Inhibition of ACE activity

No ACE inhibition was observed in any of the makgeolli samples. L. japonica has been reported to have anti-hypertensive effects (24). Thus, we examined the ACE inhibitory activity of L. japonica makgeolli. In this report, no ACE inhibitory activities of L. japonica makgeolli were detected. Captopril (1 μg/mL) produced 51.17±0.05% inhibition of ACE activity (data not shown). In previous studies, the ACE-inhibitory effect of L. japonica hot water extract and L. japonica methanol extract varied from 7% to 73% (40,41). According to Cha et al. (40), the ACE-inhibitory activity of the enzyme-hydrolyzed seaweed extract decreased considerably at 12 h after the enzyme-digestion reaction. In this study, no ACE-inhibitory activity of L. japonica makgeolli was detected, likely because of degradation of active compounds during fermentation. This tendency is similar to that reported previously.

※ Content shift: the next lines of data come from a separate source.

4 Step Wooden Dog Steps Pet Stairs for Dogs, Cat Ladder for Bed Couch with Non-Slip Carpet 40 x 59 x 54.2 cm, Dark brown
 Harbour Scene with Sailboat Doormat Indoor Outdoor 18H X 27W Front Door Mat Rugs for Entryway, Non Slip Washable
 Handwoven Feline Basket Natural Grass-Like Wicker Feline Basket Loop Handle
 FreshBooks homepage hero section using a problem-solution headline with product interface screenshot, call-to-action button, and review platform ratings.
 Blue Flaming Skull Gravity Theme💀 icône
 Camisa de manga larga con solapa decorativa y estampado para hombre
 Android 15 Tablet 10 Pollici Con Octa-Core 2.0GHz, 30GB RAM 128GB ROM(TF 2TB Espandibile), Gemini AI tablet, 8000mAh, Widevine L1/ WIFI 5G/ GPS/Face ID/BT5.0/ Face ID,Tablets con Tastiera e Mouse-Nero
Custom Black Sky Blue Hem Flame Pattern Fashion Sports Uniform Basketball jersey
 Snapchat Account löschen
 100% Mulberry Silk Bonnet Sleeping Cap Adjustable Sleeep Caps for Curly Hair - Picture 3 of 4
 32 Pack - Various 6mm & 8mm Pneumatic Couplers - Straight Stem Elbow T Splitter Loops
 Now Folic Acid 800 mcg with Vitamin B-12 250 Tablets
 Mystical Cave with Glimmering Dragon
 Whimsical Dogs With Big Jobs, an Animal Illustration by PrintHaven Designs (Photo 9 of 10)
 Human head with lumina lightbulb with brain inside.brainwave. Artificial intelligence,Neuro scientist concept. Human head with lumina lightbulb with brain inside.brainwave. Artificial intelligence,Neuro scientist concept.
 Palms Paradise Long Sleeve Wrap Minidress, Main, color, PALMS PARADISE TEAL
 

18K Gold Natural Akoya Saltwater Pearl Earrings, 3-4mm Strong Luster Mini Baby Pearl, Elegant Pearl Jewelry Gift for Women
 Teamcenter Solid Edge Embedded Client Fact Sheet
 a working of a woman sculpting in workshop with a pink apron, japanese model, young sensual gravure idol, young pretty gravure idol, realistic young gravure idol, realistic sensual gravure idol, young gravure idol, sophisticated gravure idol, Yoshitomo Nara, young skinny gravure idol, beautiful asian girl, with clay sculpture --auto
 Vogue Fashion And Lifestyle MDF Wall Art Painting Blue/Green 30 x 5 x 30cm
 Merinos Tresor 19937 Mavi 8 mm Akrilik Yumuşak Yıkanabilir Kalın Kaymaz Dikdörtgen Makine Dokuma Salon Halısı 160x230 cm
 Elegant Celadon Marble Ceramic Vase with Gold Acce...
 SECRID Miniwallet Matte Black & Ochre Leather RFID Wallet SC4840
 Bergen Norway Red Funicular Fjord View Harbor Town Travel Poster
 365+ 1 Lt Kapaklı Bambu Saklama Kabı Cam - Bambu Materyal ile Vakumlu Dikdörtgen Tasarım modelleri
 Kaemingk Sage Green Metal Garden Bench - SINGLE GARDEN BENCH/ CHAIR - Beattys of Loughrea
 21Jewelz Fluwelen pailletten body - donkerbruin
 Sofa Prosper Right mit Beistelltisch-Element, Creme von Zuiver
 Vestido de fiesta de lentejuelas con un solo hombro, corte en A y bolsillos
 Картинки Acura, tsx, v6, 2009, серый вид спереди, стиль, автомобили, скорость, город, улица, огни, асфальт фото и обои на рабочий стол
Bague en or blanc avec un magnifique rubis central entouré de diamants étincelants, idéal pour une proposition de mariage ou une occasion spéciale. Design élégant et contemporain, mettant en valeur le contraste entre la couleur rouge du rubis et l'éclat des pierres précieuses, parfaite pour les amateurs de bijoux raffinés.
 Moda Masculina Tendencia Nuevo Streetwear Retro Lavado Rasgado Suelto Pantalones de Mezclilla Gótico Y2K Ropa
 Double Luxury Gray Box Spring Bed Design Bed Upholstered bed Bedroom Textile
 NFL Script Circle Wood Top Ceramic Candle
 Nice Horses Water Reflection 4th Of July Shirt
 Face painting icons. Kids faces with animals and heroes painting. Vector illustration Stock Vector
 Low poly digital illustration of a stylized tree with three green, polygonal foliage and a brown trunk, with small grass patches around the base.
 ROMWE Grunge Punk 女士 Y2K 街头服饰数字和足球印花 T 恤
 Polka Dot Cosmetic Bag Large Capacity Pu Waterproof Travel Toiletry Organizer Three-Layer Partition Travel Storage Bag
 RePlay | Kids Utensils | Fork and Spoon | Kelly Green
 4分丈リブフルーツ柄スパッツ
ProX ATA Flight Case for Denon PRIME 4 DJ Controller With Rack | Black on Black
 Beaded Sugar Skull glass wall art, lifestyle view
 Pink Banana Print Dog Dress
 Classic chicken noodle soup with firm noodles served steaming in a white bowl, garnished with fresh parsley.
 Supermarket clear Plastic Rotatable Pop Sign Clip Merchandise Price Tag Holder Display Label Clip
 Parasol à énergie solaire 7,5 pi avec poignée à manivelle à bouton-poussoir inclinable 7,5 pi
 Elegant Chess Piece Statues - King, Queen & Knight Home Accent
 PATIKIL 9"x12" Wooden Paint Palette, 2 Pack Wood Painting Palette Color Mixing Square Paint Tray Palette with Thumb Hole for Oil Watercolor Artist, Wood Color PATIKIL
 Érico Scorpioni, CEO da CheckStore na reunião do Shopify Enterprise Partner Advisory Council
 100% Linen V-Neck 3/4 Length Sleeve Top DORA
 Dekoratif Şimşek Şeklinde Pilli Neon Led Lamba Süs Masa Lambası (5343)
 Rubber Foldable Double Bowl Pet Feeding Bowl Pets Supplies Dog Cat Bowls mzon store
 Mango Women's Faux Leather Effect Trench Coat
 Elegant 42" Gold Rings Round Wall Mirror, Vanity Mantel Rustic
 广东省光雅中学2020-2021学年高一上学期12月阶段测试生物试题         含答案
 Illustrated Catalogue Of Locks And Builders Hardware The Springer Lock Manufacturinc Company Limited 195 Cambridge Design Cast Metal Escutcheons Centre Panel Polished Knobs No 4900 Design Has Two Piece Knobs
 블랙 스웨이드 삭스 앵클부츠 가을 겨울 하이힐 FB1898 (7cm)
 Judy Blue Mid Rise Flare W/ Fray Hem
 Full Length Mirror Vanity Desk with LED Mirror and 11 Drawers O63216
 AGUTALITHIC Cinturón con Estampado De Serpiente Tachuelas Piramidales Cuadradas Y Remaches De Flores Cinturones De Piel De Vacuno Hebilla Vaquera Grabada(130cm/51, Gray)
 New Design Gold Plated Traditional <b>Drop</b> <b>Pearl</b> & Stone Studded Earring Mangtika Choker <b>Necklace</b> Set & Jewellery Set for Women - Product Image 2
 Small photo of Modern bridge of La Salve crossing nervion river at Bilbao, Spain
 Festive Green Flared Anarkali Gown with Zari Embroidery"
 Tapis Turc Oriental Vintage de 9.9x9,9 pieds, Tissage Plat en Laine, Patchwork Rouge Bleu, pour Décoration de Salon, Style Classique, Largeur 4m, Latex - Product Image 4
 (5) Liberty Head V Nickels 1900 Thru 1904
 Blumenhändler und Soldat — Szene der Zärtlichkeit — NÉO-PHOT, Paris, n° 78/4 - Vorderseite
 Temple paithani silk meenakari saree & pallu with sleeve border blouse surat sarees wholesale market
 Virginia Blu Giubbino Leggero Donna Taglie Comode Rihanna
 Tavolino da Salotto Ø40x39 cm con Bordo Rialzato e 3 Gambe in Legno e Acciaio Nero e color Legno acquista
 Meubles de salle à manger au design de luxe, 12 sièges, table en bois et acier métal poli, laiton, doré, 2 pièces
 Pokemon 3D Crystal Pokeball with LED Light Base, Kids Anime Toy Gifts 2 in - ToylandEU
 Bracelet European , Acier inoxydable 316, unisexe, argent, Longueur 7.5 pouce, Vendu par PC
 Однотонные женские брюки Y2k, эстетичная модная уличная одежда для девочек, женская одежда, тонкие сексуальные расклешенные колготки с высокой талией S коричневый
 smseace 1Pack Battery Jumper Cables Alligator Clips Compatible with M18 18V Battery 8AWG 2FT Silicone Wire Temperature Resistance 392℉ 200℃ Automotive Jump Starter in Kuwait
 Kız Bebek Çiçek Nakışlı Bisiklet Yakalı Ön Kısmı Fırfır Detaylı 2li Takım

The PTP1B inhibitory effects of supernatants of makgeolli containing 0.0, 2.5, 5.0, 7.5, 10.0, and 12.5% L. japonica were 26.79, 28.50, 57.19, 102.54, 100.19, and 99.24%, respectively (Fig. 3B). Notably, the supernatants of L. japonica makgeolli extracts containing 7.5∼12.5% L. japonica showed potent inhibitory effects (99.24∼ 102.54%). The IC50 values of supernatants of makgeolli containing 5.0, 7.5, 10.0, and 12.5% L. japonica were 22.21, 0.84, 0.22, and 0.11 μg/mL, respectively. The IC50 value of a hot-water extract of dried L. japonica powder was 0.410 μg/mL. On the basis of these results, L. japonica makgeolli showed potent anti-diabetes activity, particularly L. japonica makgeolli containing >7.5% L. japonica.

In conclusion, L. japonica makgeolli containing 5.0 or 7.5% L. japonica exhibited considerable anti-diabetes activity and showed the best overall acceptability, with no seaweed flavor.